Syriac Orthodox patriach of Mardin (1293 - 1333)

Ignatius bar Wahib (Note: He is counted as either Ignatius I as the first patriarch of Mardin by that name, or Ignatius V, after Ignatius IV Yeshu. Alternatively transliterated as bar Wuhayb.) (ܒܪ ܘܗܝܒ, ابن ُوهيب) was the Syriac Orthodox Patriarch of Mardin from 1293 until his death in 1333.

==Biography==
Joseph Badr al-Din Zakhi bar Wahib was born at Korinsha in the Tur Abdin in the 13th century, and was the son of Abraham. He was raised at Mardin, and became a monk at the nearby monastery of Saint Ananias. Patriarch Philoxenus I Nemrud consecrated bar Wahib as archbishop of Mardin in 1287, upon which he assumed the name Ignatius.
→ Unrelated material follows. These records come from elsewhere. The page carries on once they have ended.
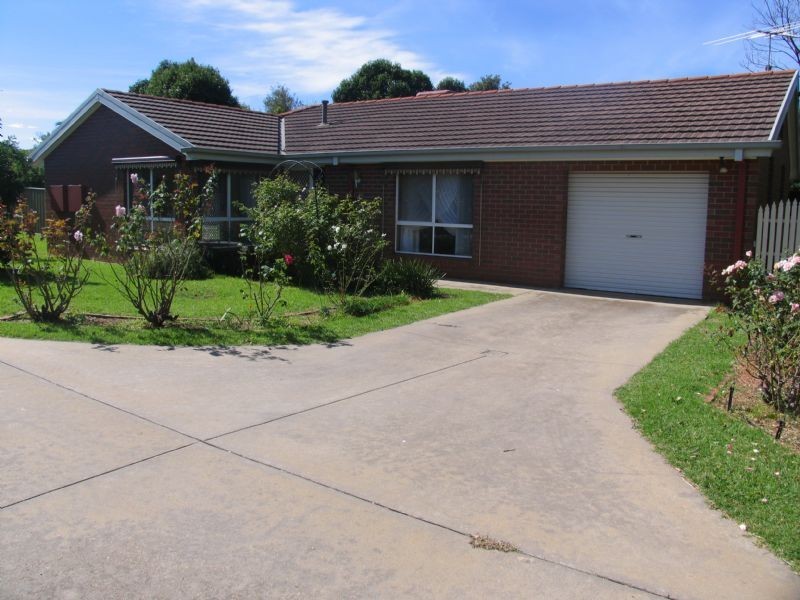 1/20 wanstead street, Corowa NSW 2646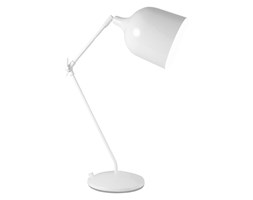 MEKANO- Lampa architekta Wys.79cm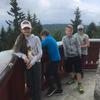 Fotografie 11 - ŠvP - neděle
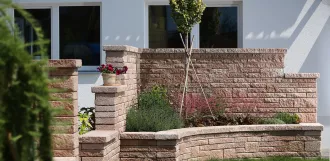 CS BETON NATURBLOK Blok CS BETON NATURBLOK Blok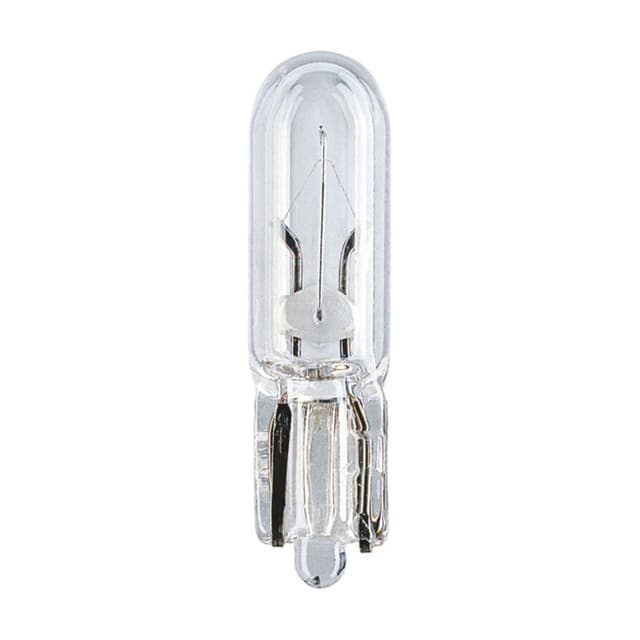 Osram  W1,2W 12V Ampul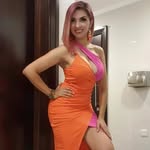 Liliana Farley 🇨🇴 - @liliana.farley - Instagram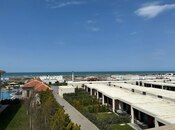 İcarəyə verilir 8 otaqlı həyət evi/bağ evi 600 m², Nardaran q., photo 3 from 8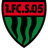 FC Schweinfurt 05 badge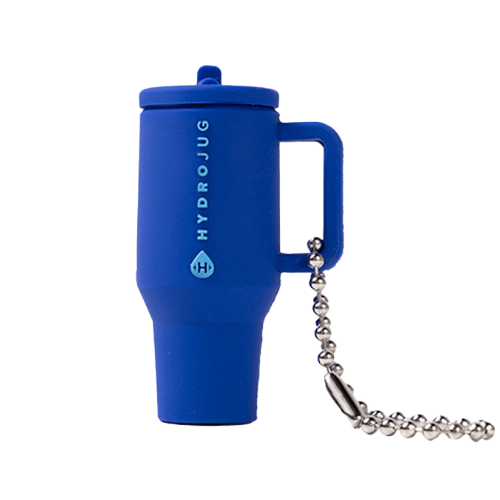 traveler-keychain-w3 Web-ProductImages-SummerTravelerKeychain-Sapphire_11089480-0872-41b8-ad74-f4900aa0a6ca.png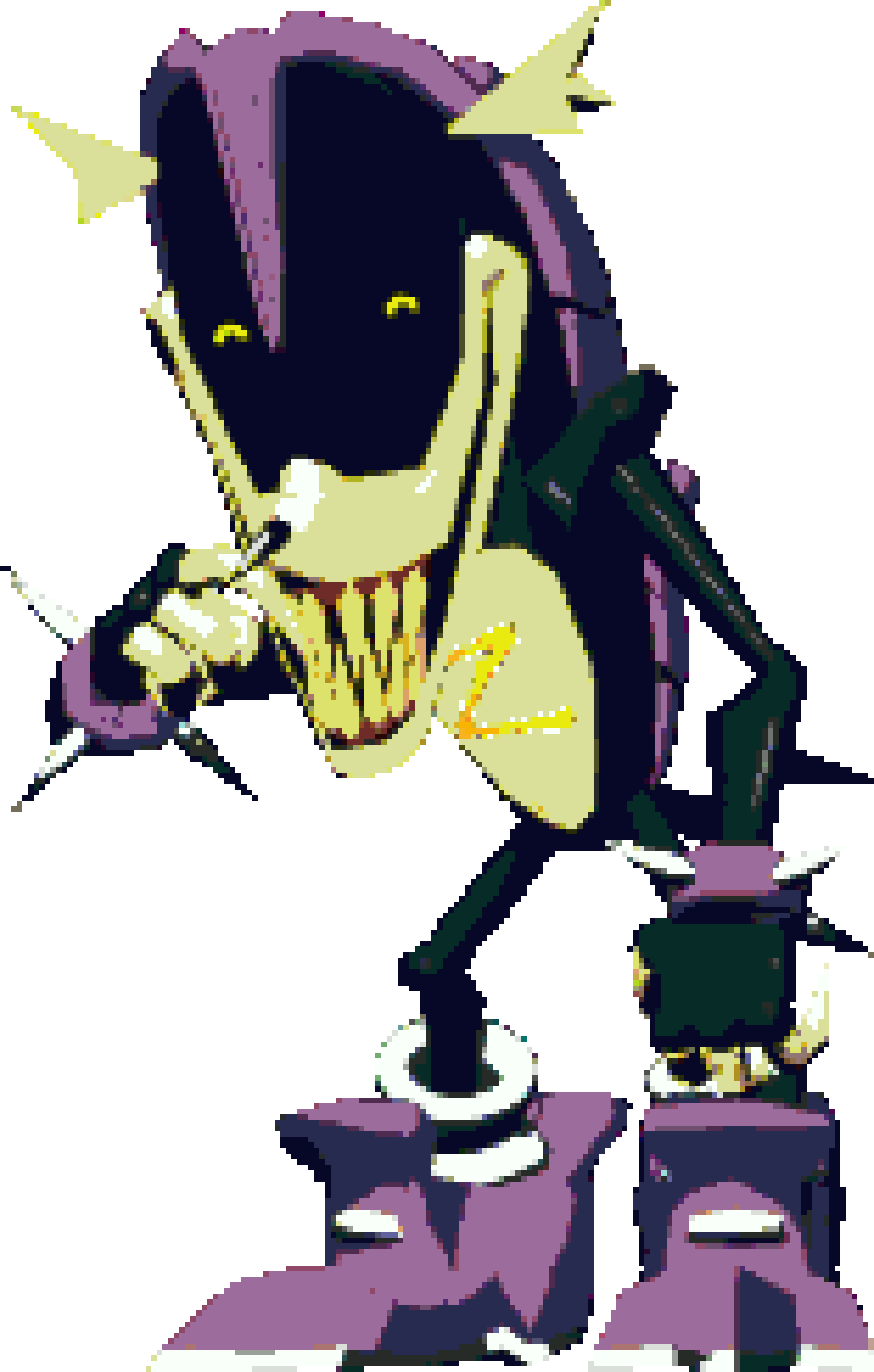 [12ff5f] Untitled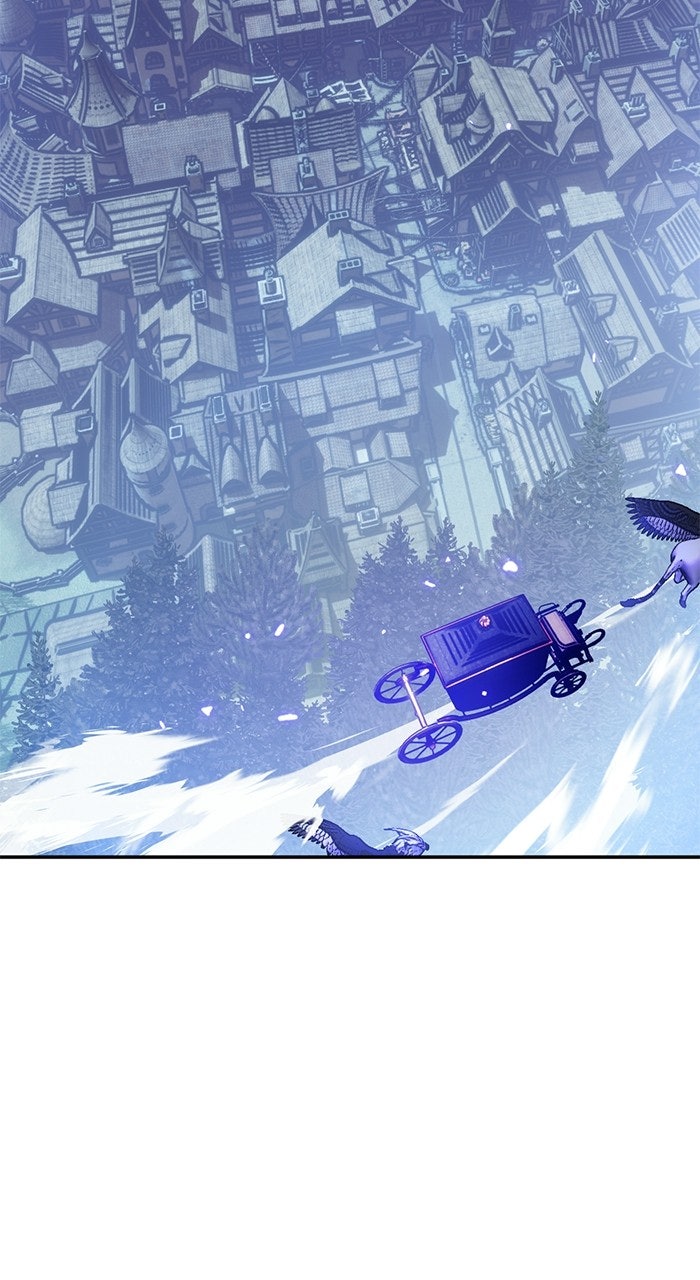 Read Return to Player (en) Manga Online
He was elected as the patriarch of Mardin at a synod at the monastery of Saint Ananias at the beginning of January 1293, and was consecrated by Ignatius, archbishop of Qartmin. In 1303 or 1304, he convened a synod at the monastery of Saint Ananias, in which he issued ten canons, and was attended by five bishops. He was credited with performing three miracles at Mardin that were reportedly recognised by both Christians and Muslims. Bar Wahib served as patriarch of Mardin until his death in 1333. As patriarch, Bar Wahib ordained twenty bishops.

==Works==
Bar Wahib wrote two books on Syriac and Arabic phonetics, and a liturgy in 1304. As well as this, he wrote a treatise on the definition of prayers and rituals.

==Bibliography==

- Barsoum, Aphrem (2003). "The Scattered Pearls: A History of Syriac Literature and Sciences"
- Barsoum, Aphrem (2008). "History of the Za'faran Monastery"
- Barsoum, Aphrem (2009). "The Collected Historical Essays of Aphram I Barsoum"
- Burleson, Samuel (2011). "List of Patriarchs: II. The Syriac Orthodox Church and its Uniate continuations"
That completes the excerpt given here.